Başarının arkasındaki gizli silahın disiplin değil alışkanlık yaratabilmek olduğunu savunuyor yazarlar, Alışkanlık haline getirdiğiniz bir işi herkesin şaşıracağı şeklinde kolay ve severek yaparsınız. Onlar sizi çok disiplinli görse de siz aslında alışkanlığınız olduğu için disiplinli olduğunuz için değil onu yapmak içinizden geldiği için devam edersiniz. Amerikalı yüzücü Michael Phelps’in hiperaktiflikten kaynaklı dikkat bozukluğu var. Öyle ki ilkokul öğretmeni annesine; “Bu bir özel çocuk değil, hiç bir zaman hiç birşeye odaklanamayacak” diyor. Hayatını değiştiren yüzme koçu Bob Bowman ile Michael 14 yaşından itibaren haftanın 7 günü, günde 6 saat yüzüyor.
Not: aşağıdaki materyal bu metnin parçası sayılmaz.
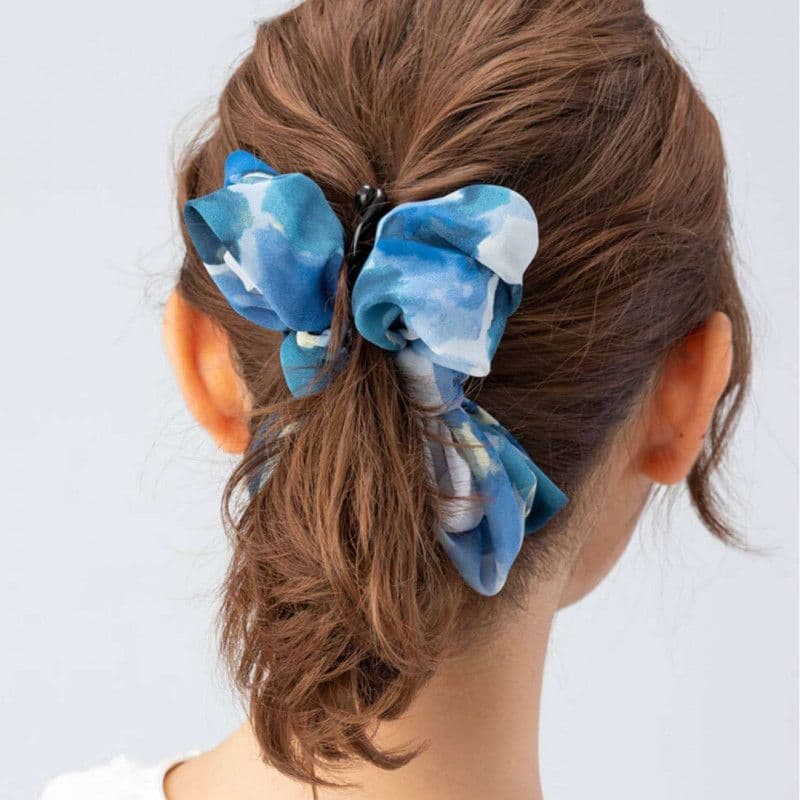 【Complex Biz】バルーンリボンシェイディング バナナクリップ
Bütün enerjisini ,dikkatini tek bir şeye “yüzmeye” veriyor. Onun alışkanlığı haline gelen haftanın 7 günü yüzmek, rakiplerinden yılda 52 gün fazla antreman demek. Güçlü rakipler ile arasındaki farkı bu sayede açtığını söylüyor sporcu. Phelps, böylece, bugüne kadar toplam en fazla Olimpiyat Madalyasını kazanmış sporcu olarak tarihe geçiyor. Son 3 olimpiyatta kazandığı altın madalya sayısı 18, toplam madalya 22. (Türkiye’nin altın madalyası 6, toplam madalyası 23). Eğer Phelps tek başına bir ülke olsaydı 12. sırada yer alacaktı . Olimpiyat madalyası kazanacak kadar ilerleyemeyebiliriz ama Londra Üniversitesi’nde yapılan araştırmaya gore bir şeyin alışkanlık haline gelmesi için 66 gün yapmak gerekiyor. Başladıktan sonra bir süre devam ettirmek disiplin istiyorsa da artık alışkanlık haline gelmiş bir davranışı sürdürmek asıl başarıyı getiren. Bir alışkanlığı tam kazanıp başarılı geldikten sonra ikinci bir alışkanlık kazanmayı öneriyor yazarlar.

Cevabı kolay bulunmayan ve “tek”e indirmenin çok zor olduğu soru ise “Hayatımın Amacı Ne?”.Bu bulmak için metod önerisi kitabın sonunda. Metod ne olursa olsun herkesin kendine göre bir cevabı olsa gerek. Ne diyelim Allah herkesin kalbine göre versin.

Emine Pura’nın bu yazısı, Retail Türkiye Dergisi Şubat 2016 sayısında yayımlanmıştır.